### What you have to do
Every line below from the one with "high resolution、One Girl、Wearing" through the one with "Morris Costumes Blood" is to be repeated exactly, with no picture among them.

### Supplied records
+ + + + + + +

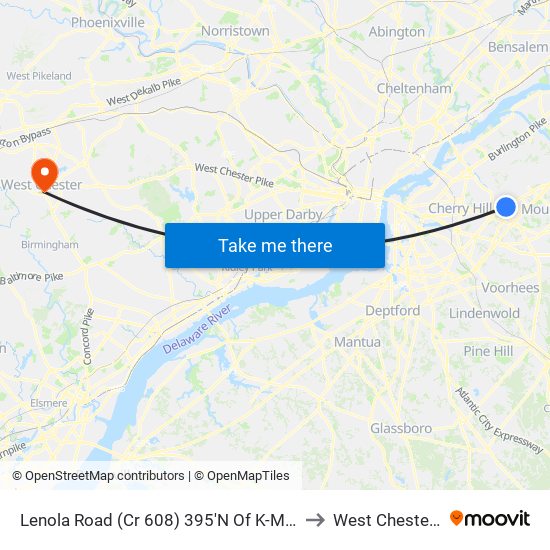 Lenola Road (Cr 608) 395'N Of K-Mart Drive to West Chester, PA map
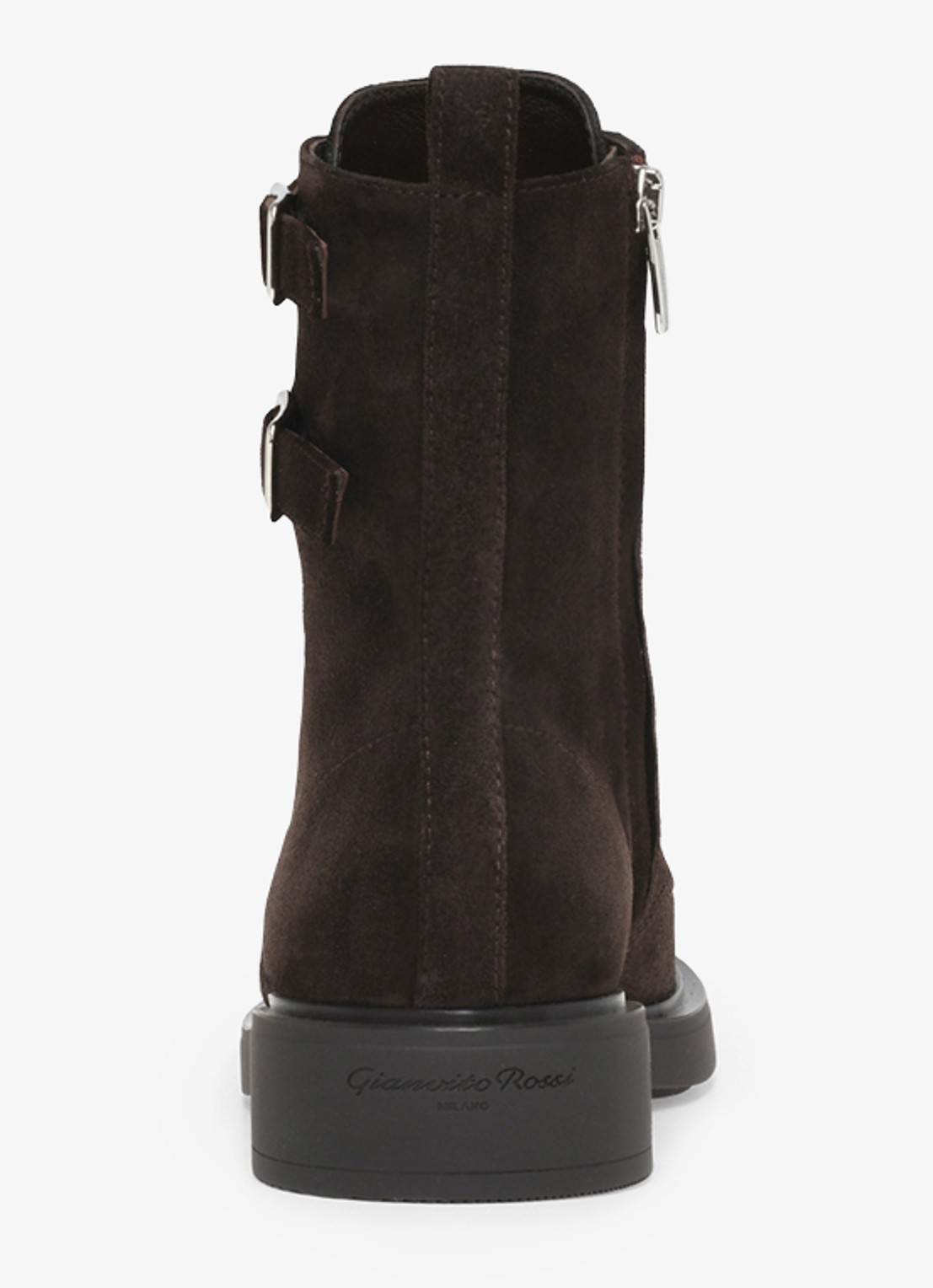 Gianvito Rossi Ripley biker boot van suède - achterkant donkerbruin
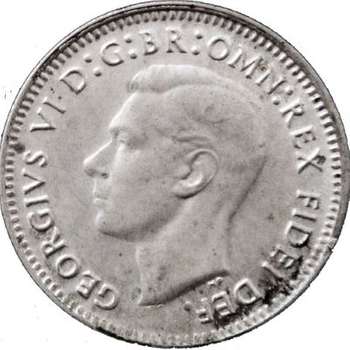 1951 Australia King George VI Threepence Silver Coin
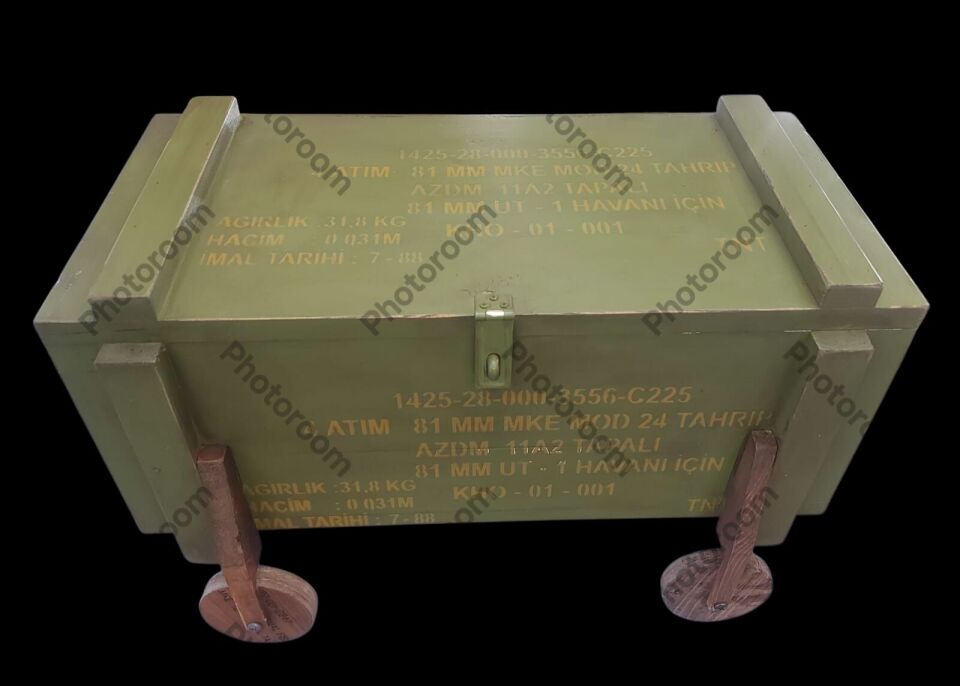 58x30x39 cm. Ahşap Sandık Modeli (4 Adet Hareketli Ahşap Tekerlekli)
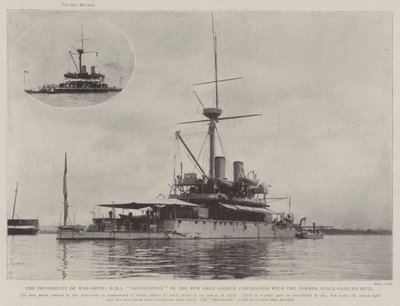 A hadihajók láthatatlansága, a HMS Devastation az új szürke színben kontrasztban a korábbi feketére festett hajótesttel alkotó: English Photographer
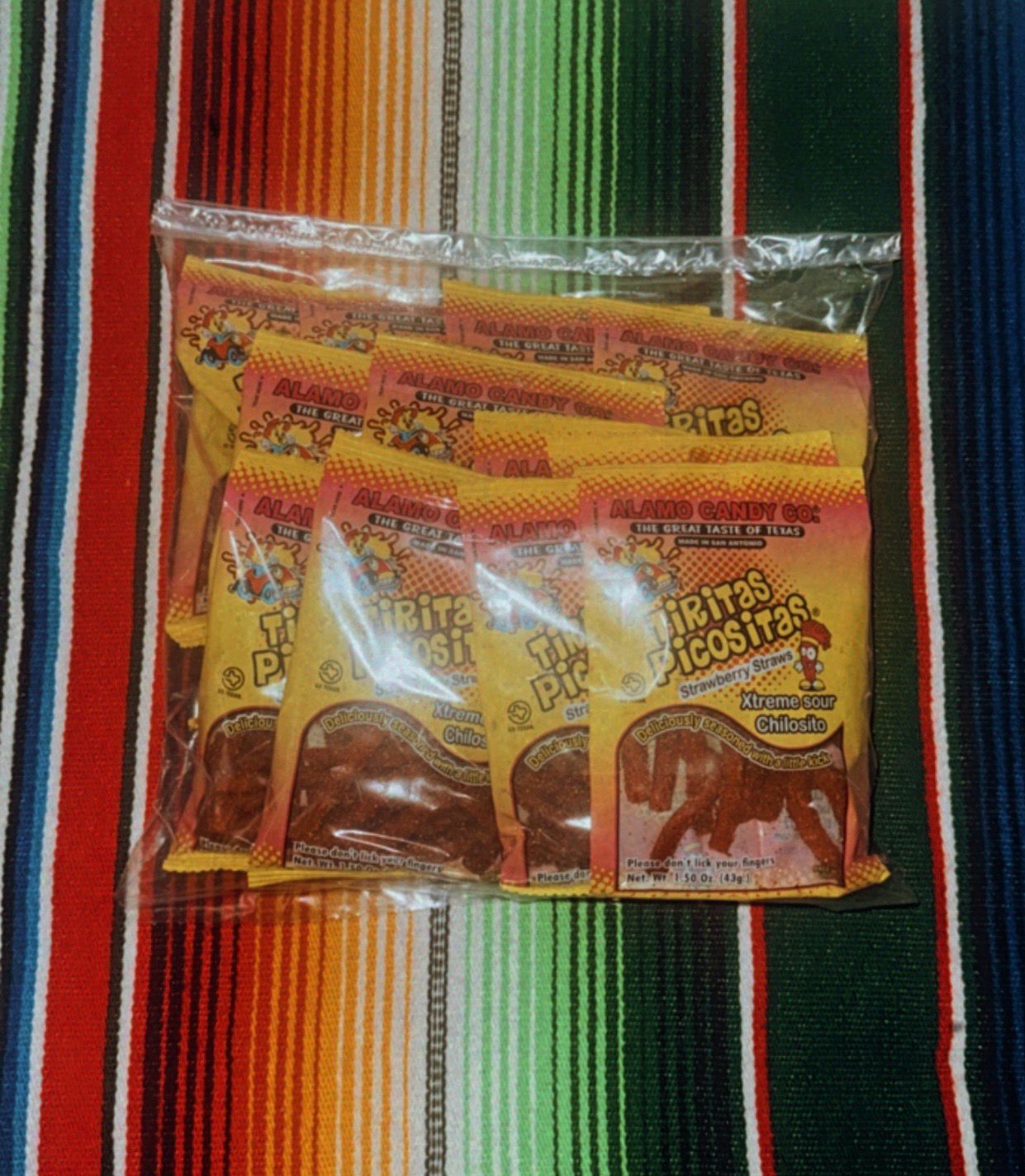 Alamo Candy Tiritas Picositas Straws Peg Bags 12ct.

+ + + + + + +

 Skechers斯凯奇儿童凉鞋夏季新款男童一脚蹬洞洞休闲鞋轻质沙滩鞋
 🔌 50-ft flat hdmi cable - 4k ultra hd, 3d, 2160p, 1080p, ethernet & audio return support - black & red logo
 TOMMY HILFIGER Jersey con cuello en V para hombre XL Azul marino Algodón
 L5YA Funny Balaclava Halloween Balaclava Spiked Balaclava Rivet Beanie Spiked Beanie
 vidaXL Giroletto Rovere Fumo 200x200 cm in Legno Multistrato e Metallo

+ + + + + + +

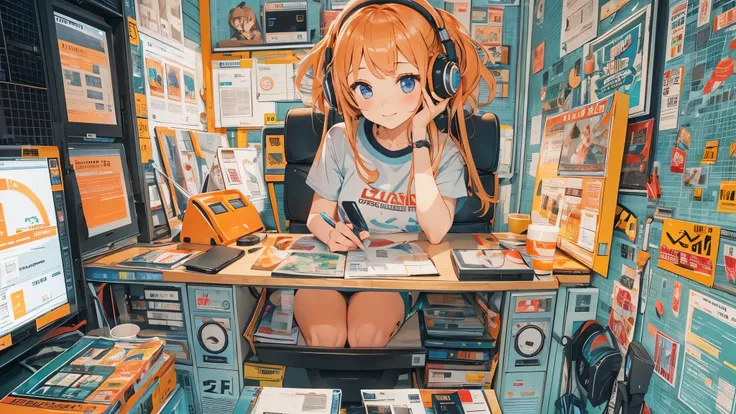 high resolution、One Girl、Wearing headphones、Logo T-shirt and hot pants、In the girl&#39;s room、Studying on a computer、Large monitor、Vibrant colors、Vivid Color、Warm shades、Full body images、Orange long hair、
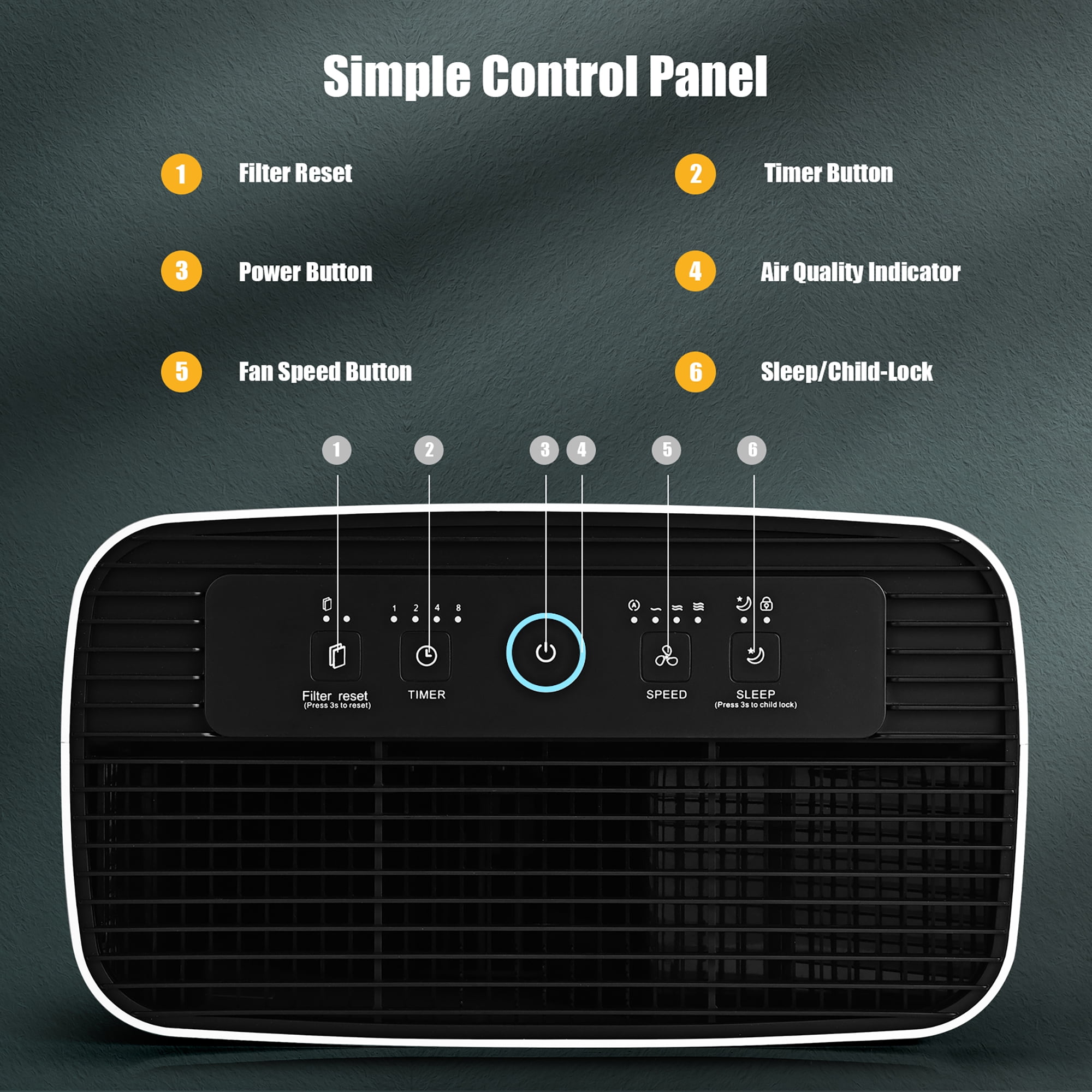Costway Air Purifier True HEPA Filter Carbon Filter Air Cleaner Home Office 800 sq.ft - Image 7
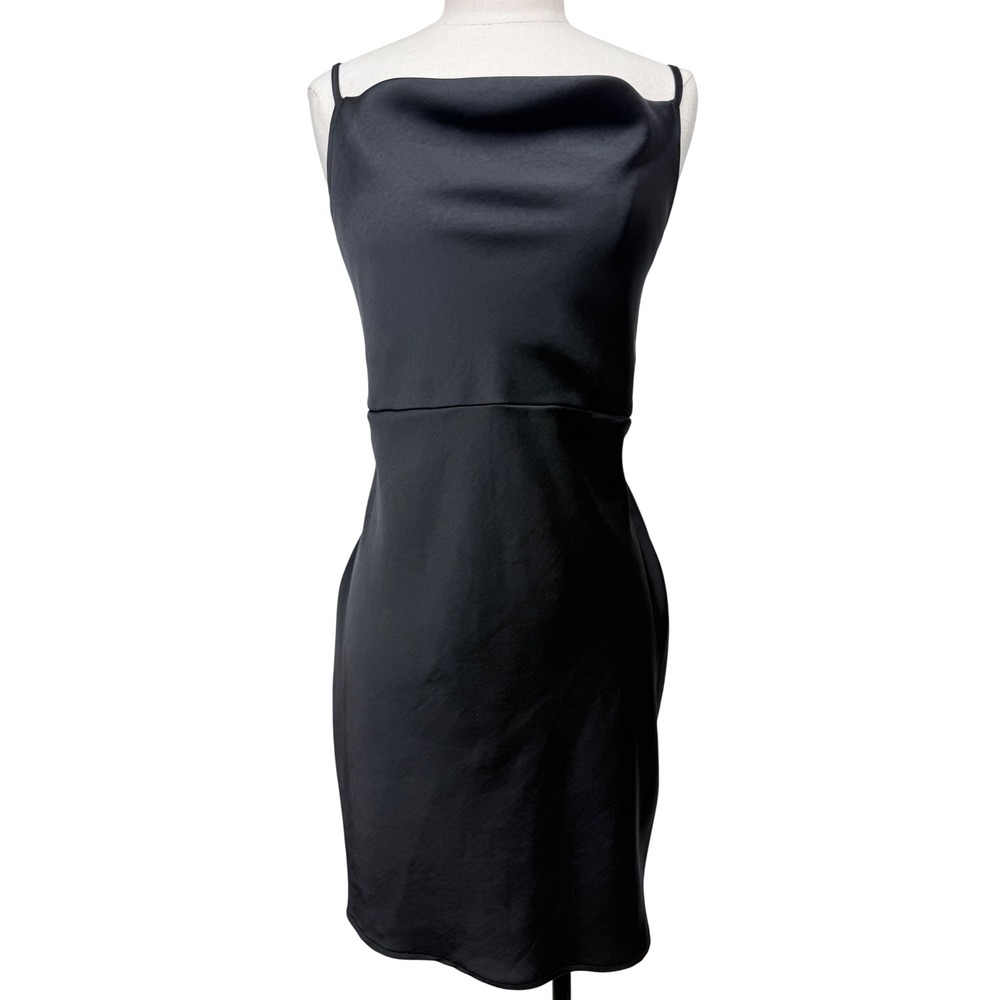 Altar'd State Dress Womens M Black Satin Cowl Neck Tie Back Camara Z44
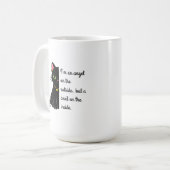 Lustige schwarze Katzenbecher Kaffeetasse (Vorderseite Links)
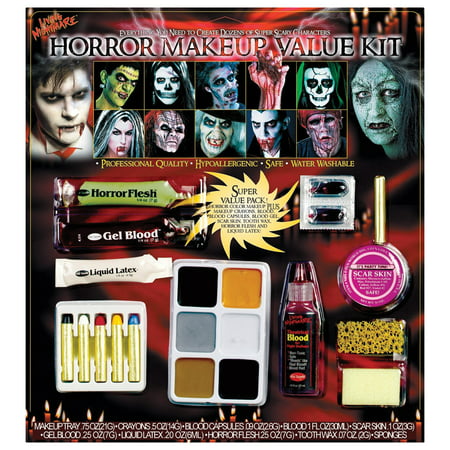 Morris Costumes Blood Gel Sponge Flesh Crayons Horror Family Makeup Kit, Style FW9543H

+ + + + + + +

### Response to this task
 high resolution、One Girl、Wearing headphones、Logo T-shirt and hot pants、In the girl&#39;s room、Studying on a computer、Large monitor、Vibrant colors、Vivid Color、Warm shades、Full body images、Orange long hair、
Costway Air Purifier True HEPA Filter Carbon Filter Air Cleaner Home Office 800 sq.ft - Image 7
 Altar'd State Dress Womens M Black Satin Cowl Neck Tie Back Camara Z44
 Lustige schwarze Katzenbecher Kaffeetasse (Vorderseite Links)
 Morris Costumes Blood Gel Sponge Flesh Crayons Horror Family Makeup Kit, Style FW9543H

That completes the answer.